BEGIN Available records
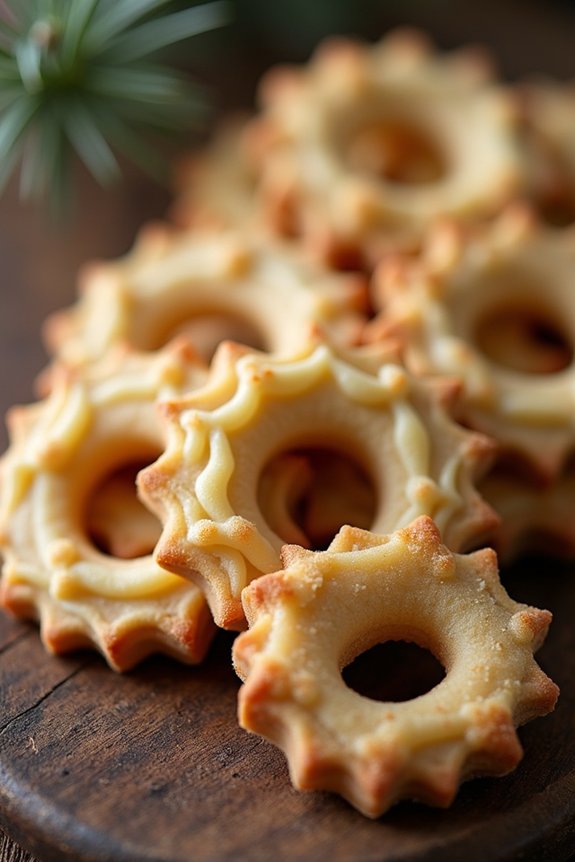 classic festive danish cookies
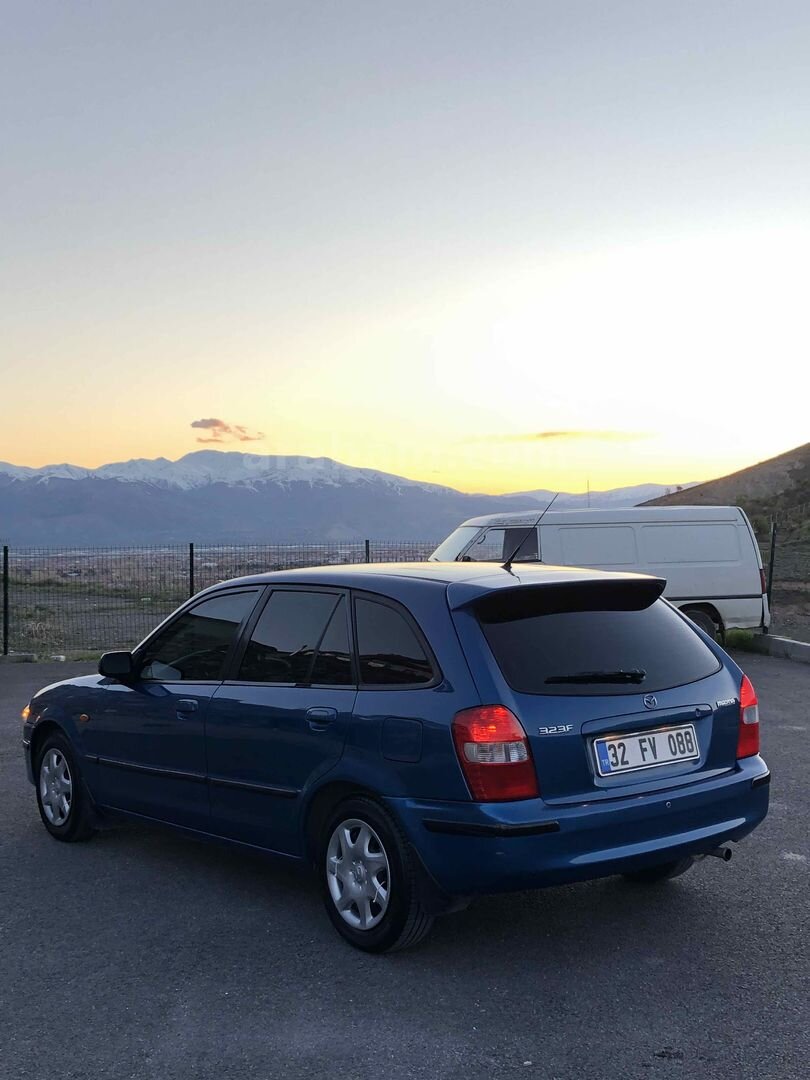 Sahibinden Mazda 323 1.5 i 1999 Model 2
END Available records
BEGIN Available records
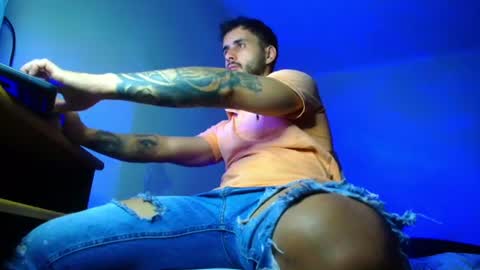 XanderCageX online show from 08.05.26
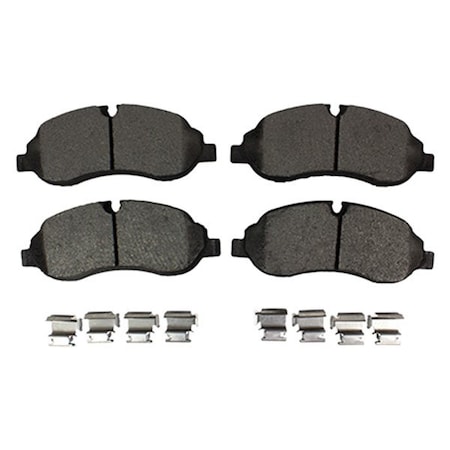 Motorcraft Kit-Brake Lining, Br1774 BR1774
END Available records
§ What the task asks
Return exactly the lines of the material above, starting at the line containing "classic festive danish cookies" and finishing at the line containing "Sahibinden Mazda 323 1.5 i 1999 Model 2", without any pictures.

§ Response to the task
 classic festive danish cookies
 Sahibinden Mazda 323 1.5 i 1999 Model 2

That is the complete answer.